Your task:
Reproduce the data in full, exactly as given, leaving images out.

Input data:
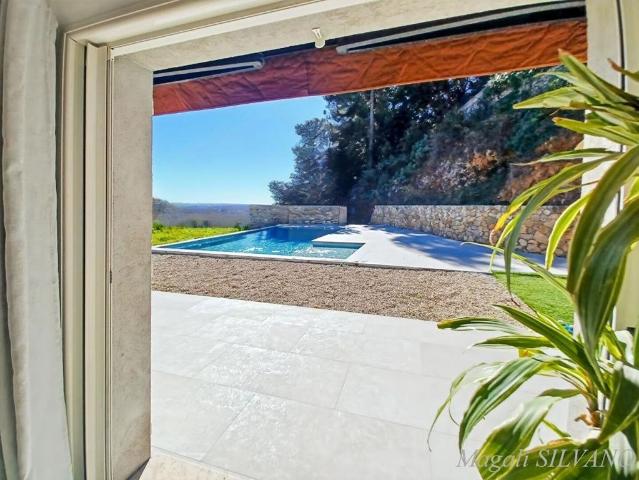 Villa vente à Grasse, Spéracèdes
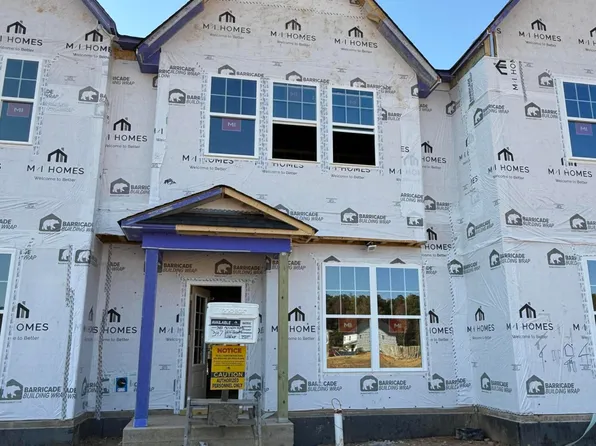 3183 Mission Olive Pl #347, New Hill, NC 27562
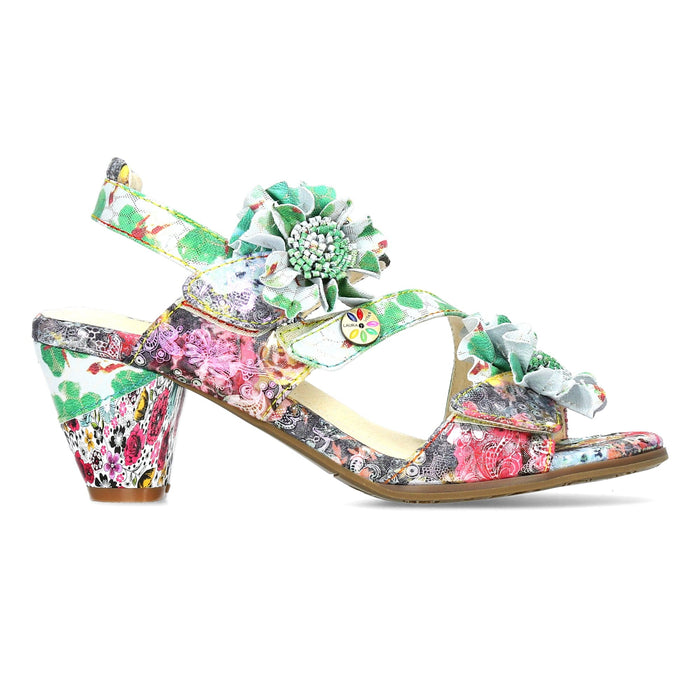 laura vita Sandales - BECTTINOO 01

Answer to this task:
 Villa vente à Grasse, Spéracèdes
 3183 Mission Olive Pl #347, New Hill, NC 27562
 laura vita Sandales - BECTTINOO 01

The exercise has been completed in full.